Con el clímax de la crisis ucraniana se han multiplicado los comentarios que sugieren que vivimos una nueva guerra fría. Pero esta imagen es inapropiada e incluso peligrosa. La guerra fría descansaba sobre cuatro pilares: la existencia de dos superpotencias que dominaban el planeta; el reconocimiento mutuo del statu quo en Europa; una disputa ideológica entre dos modelos y una rivalidad a escala mundial.
Ese tiempo ya pasó. El diferencial de potencia económica y militar entre Washington y Moscú es muy superior al que existía entonces, y la distribución del poder a escala planetaria es mucho más imprecisa: vivimos en un mundo multipolar o apolar. Todos los grandes Estados del continente europeo están insertos en una red de cooperaciones: Consejo Europeo, OCSE, Consejo OTAN-Rusia, Asociación para la Paz… La democracia y la economía de mercado se imponen, a los tumbos, a escala de todo el continente.
Frente a Irán y Corea del Norte, Moscú y Washington solo difieren en la estrategia: ambos comparten los mismos objetivos de no proliferación nuclear. En Siria, Rusia no está disgustada por coronar un peón a los países occidentales, pero busca más defender sus intereses que oponerse a Estados Unidos.
La imagen de una nueva guerra fría es tanto o más inapropiada cuando, del lado occidental, hay más interés en desarrollar una lógica de cooperación con Moscú que una confrontación estéril. Se prefiere un ganar-ganar que jugar a “suma cero”.
Barack Obama ha intentado volver a empezar de cero. Desde su entrada en funciones, en 2009, se afanó en proponer la negociación de un nuevo tratado para controlar las armas nucleares. Sobre el tema de la defensa antimisiles, abandonó la idea de instalar un sitio de interceptores en Polonia, y propuso un relanzamiento de la cooperación sobre esos sistemas.
Para eclipsar el contencioso a propósito del affaire Snowden, que provocó una poco común cólera del presidente norteamericano, Obama ha pensado en un tratado comercial bilateral. La alianza militar occidental OTAN, de la cual EU se ha venido desinteresando cada vez más, se ha movilizado más por retirarse de Afganistán [donde EU está desde noviembre de 2001] que por la defensa contra una hipotética amenaza venida del Este.
En cuanto a la Unión Europea, sus intentos de mediación, de Georgia en 2008 a Ucrania en 2014, muestran a las claras que ella no está en modo alguno en una lógica de confrontación. Y no se puede decir que los occidentales estén urgidos, después de veinte años, de atraer a Kiev fuera de la órbita rusa.
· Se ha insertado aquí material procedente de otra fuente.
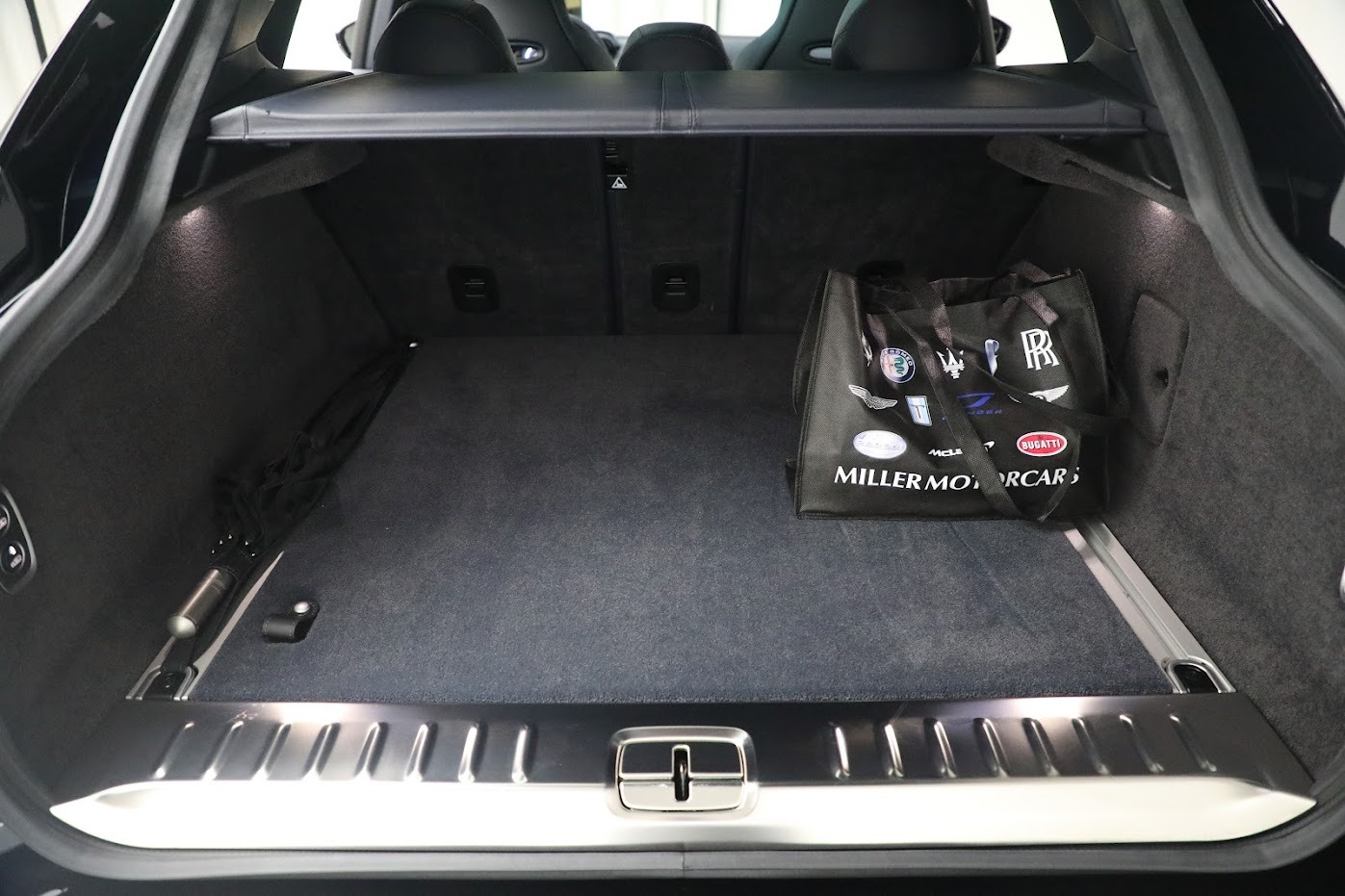 New-2024-Aston-Martin-DBX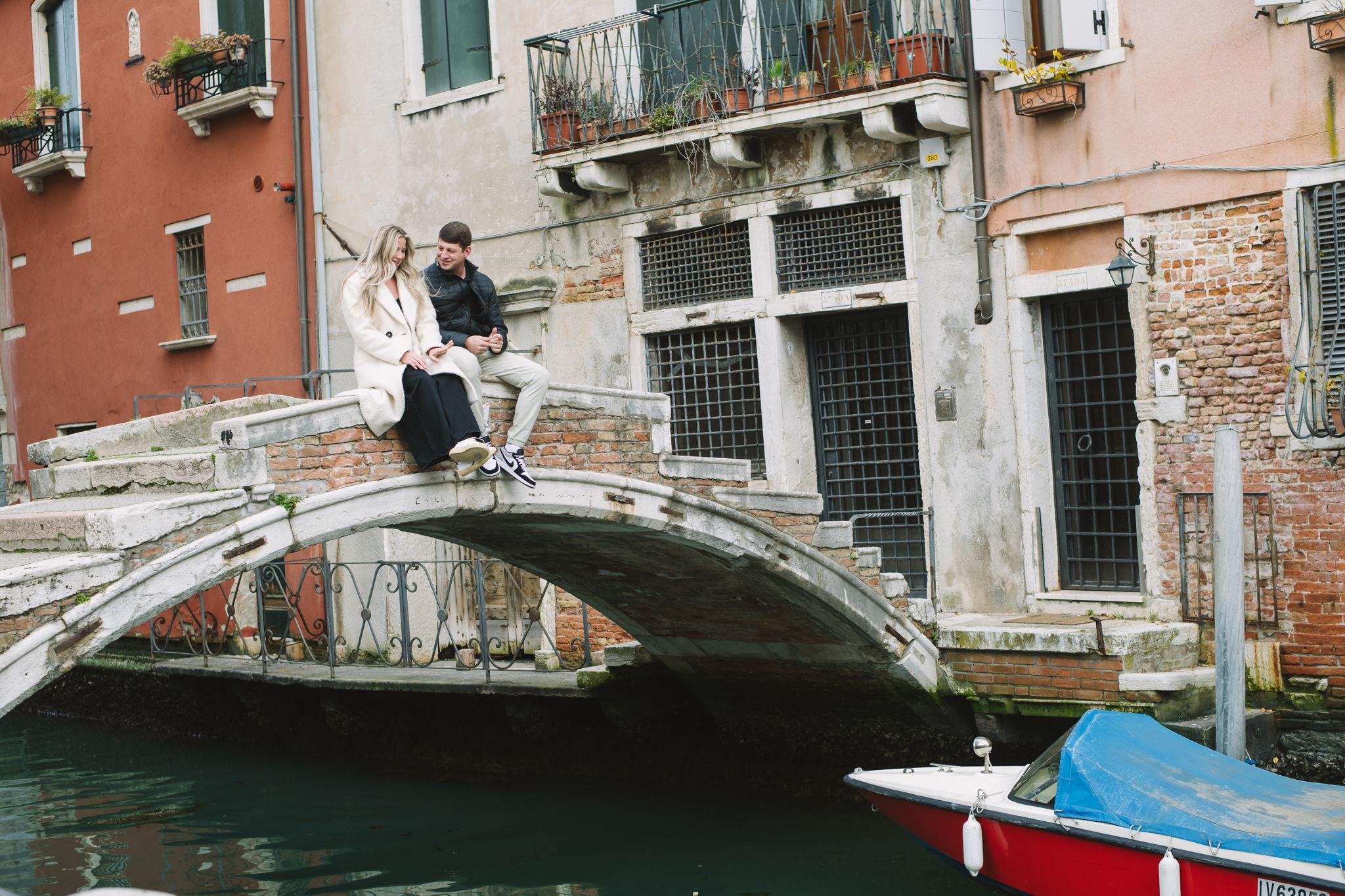 a9e1b498-6795-4faa-bff8-6f62385f584f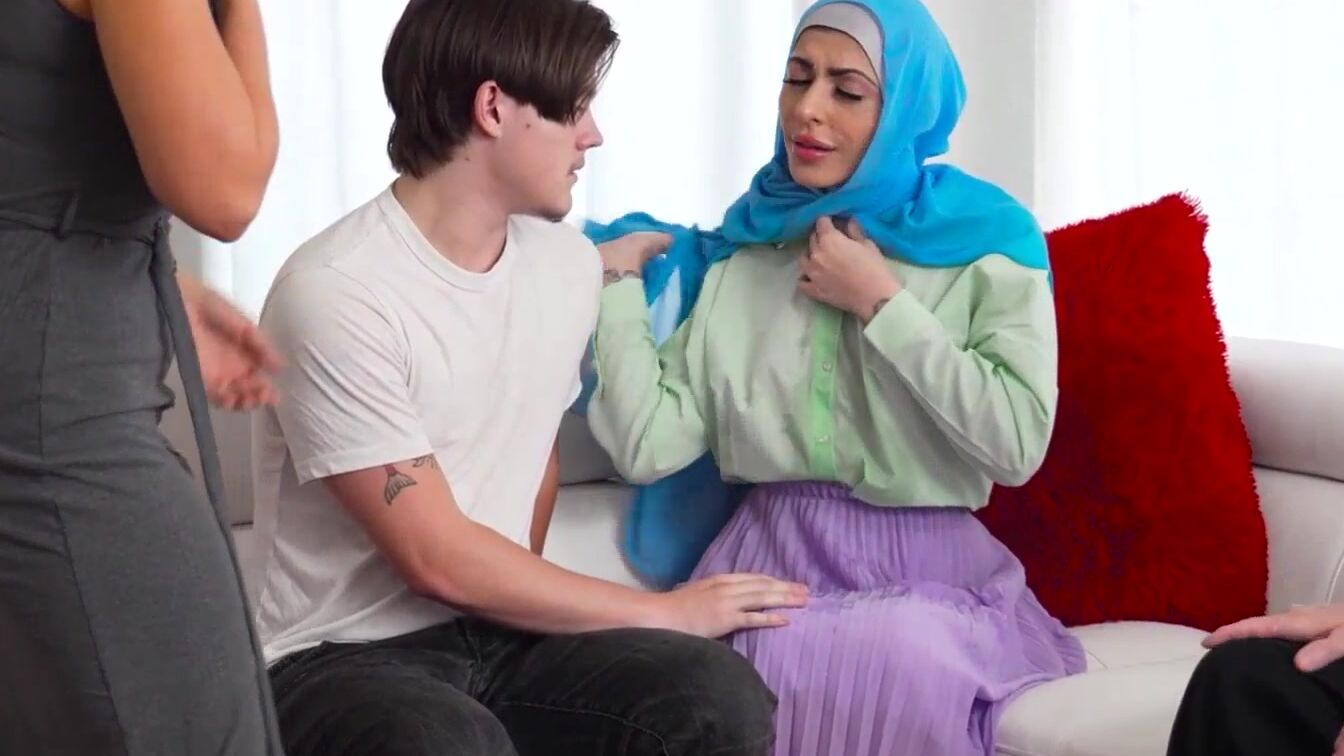 HijabHookup.Me - Arab college teenagers Audrey Royal meets the parents and  things go wrong 4kPorn.XXX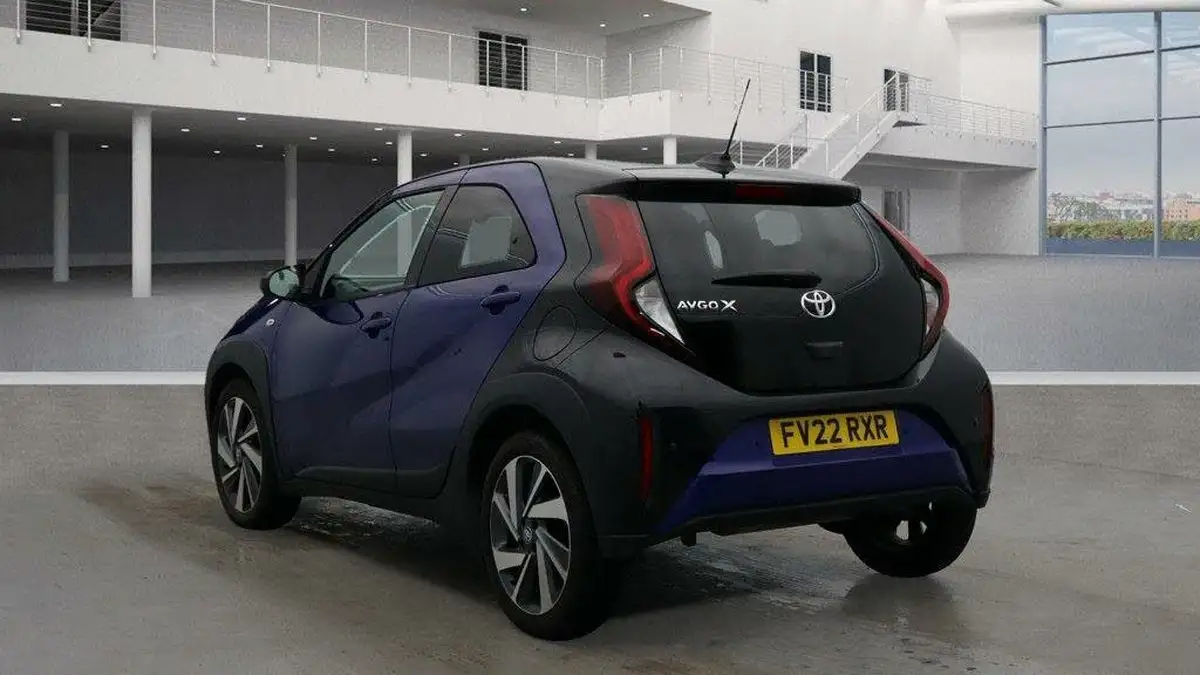 2022-toyota-aygo-x-10-vvt-i-edge-big-2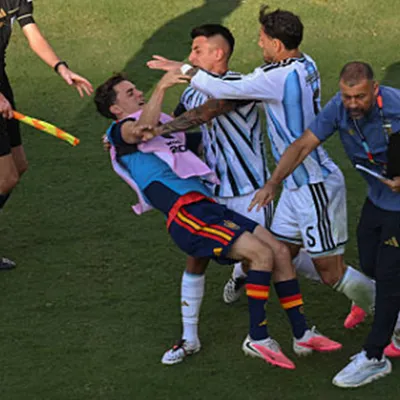Peleó con Paredes y aborda la reacción de Argentina: "No creo que..."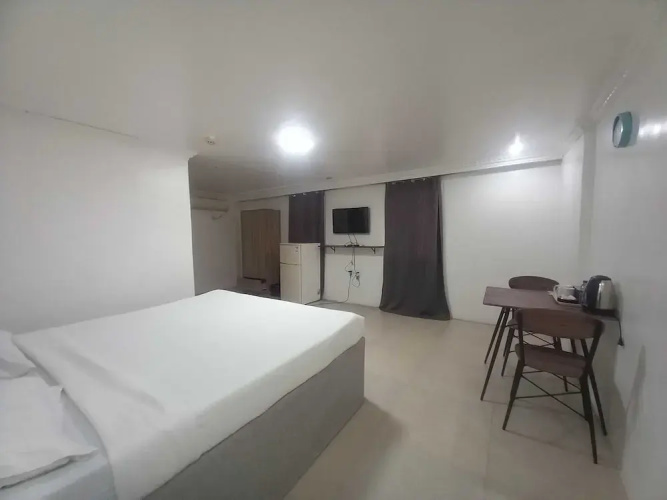 OYO 1141 Healing Condo Hotel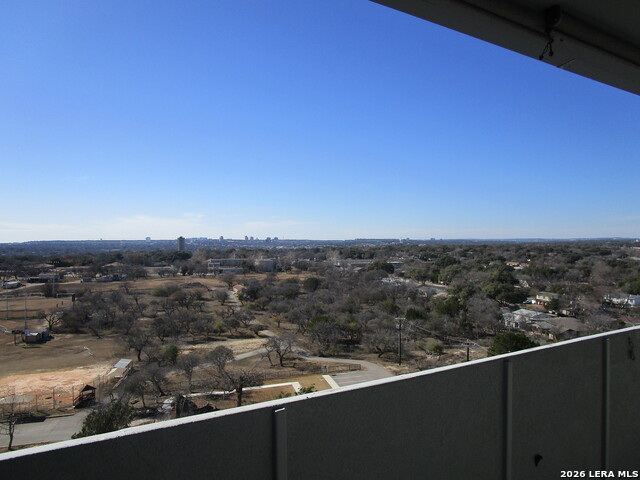 Image 22 of 34 For 7039 San Pedro Ave  1110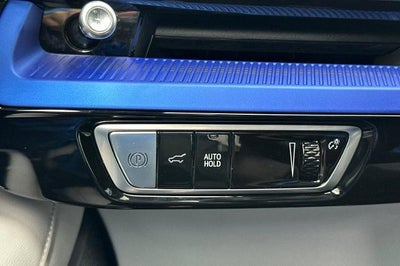 2025 Cadillac OPTIQ Luxury 1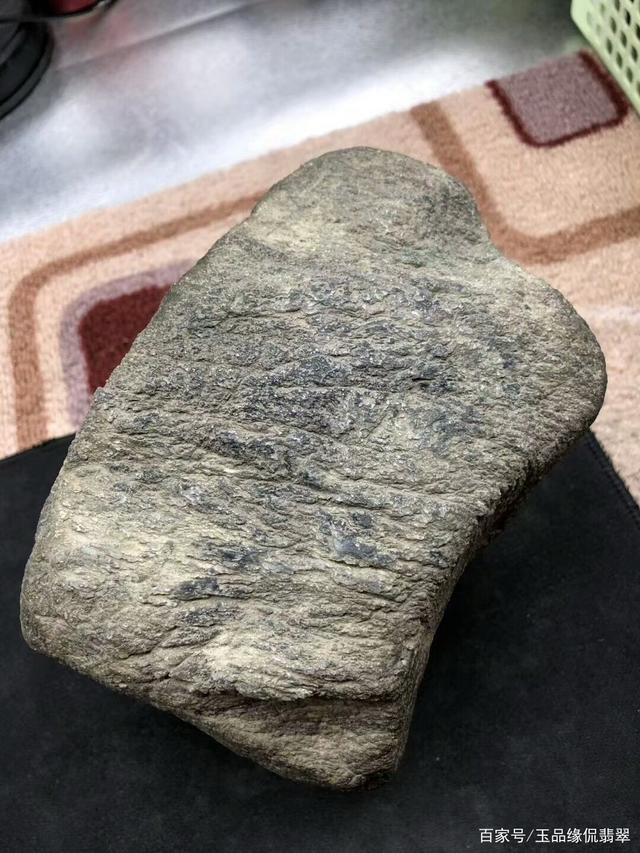 翡翠大马坎原石老皮壳是什么样子的翡翠大马坎原石-第1张图片-翡翠网 翡翠大马坎原石老皮壳是什么样子的翡翠大马坎原石-第1张图片-翡翠网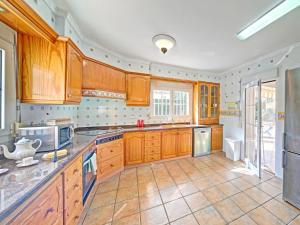A kitchen or kitchenette at Holiday Home La Sal by Interhome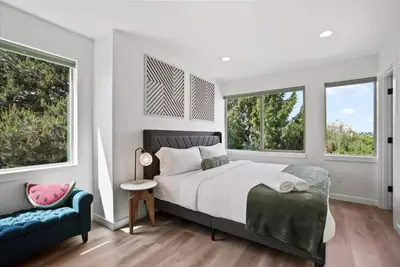 Image de 3br 2. 5ba Rooftop View Green Lake Hideaway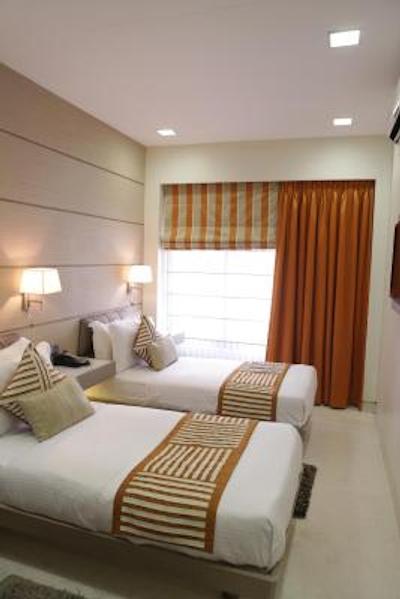 هتل اومید رزیدنسی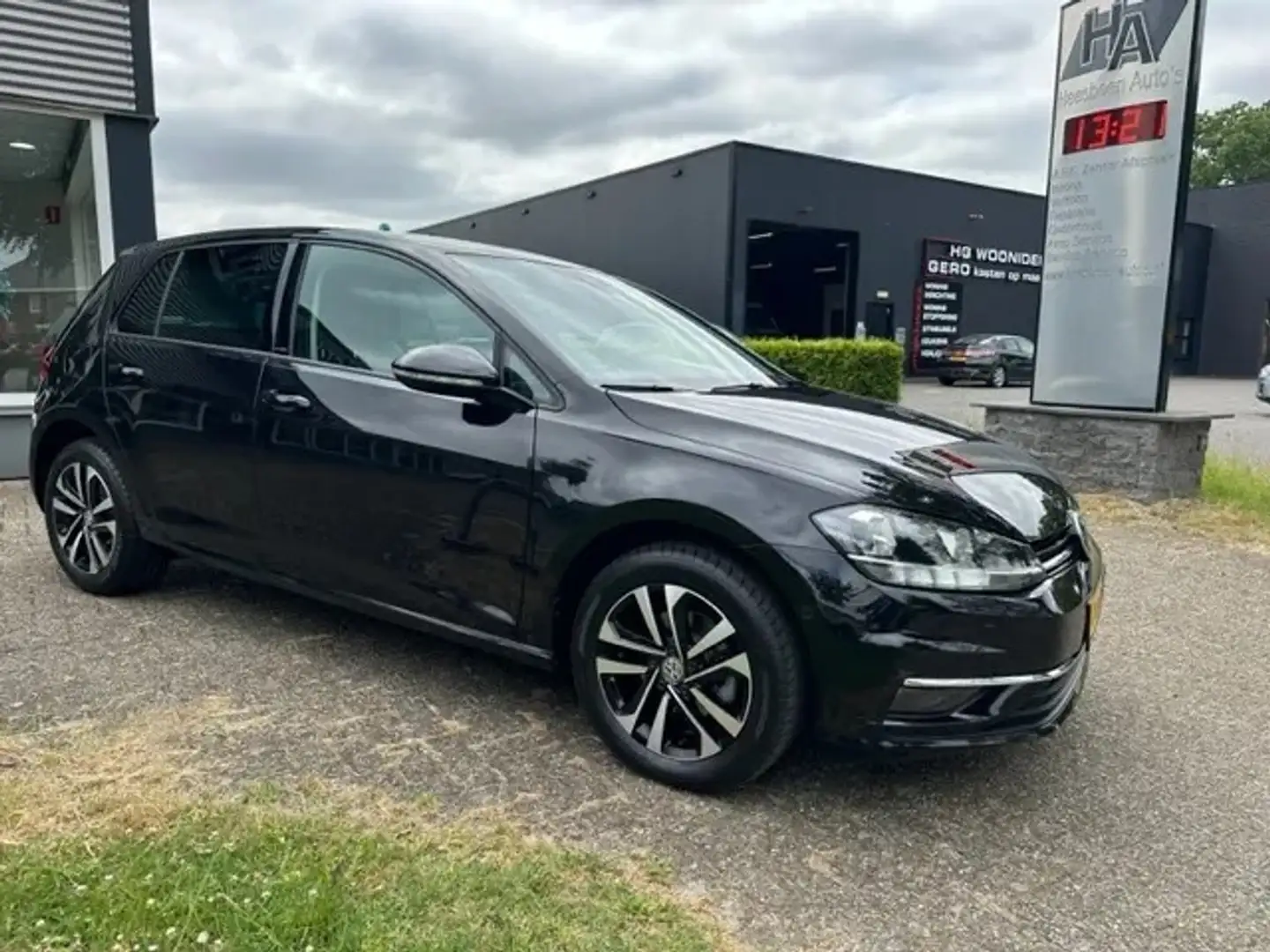 Volkswagen Golf 1.0 TSI Trendline Zwart - 1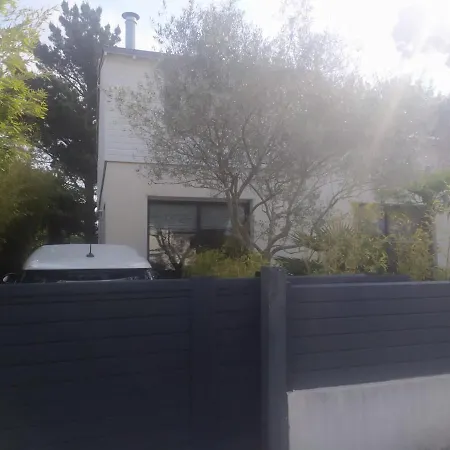Avec Πανσιόν La Baule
Pero en su lugar, Vladímir Putin busca reactivar una forma de competencia estratégica entre Rusia y Occidente. Se trata en primer lugar de movilizar a la sociedad rusa en torno de poder fuerte, en un país pretendidamente amenazado por el extranjero. Se trata también de neutralizar, si no de avasallar a los Estados fronterizos, recurriendo al arma energética (el gas).
Rusia busca igualmente impresionar a sus vecinos occidentales multiplicando las provocaciones aéreas y marítimas, como en tiempos de la guerra fría.
En 1987, Gueorgui Arbatov, cercano de Mijail Gorbachov, declaró: “Vamos a hacerles una cosa terrible: vamos a privarlos de enemigo”. En 2014, parece más bien que es Rusia la que no soporta verse privada de un enemigo.
El proyecto de una Unión eurasiana va incluso más allá, por lo que Moscú se ha colocado en competencia ideológica como un EU que describe como decadente, y busca provocar en el continente europeo el surgimiento de una nueva comunidad de valores, que se pretende cristiana y conservadora. Haciendo esto, Putin se identifica más con el periodo zarista que con la era soviética: su asociación con la Iglesia ortodoxa es más importante que la rehabilitación de Stalin a la cual él ha procedido en los últimos años.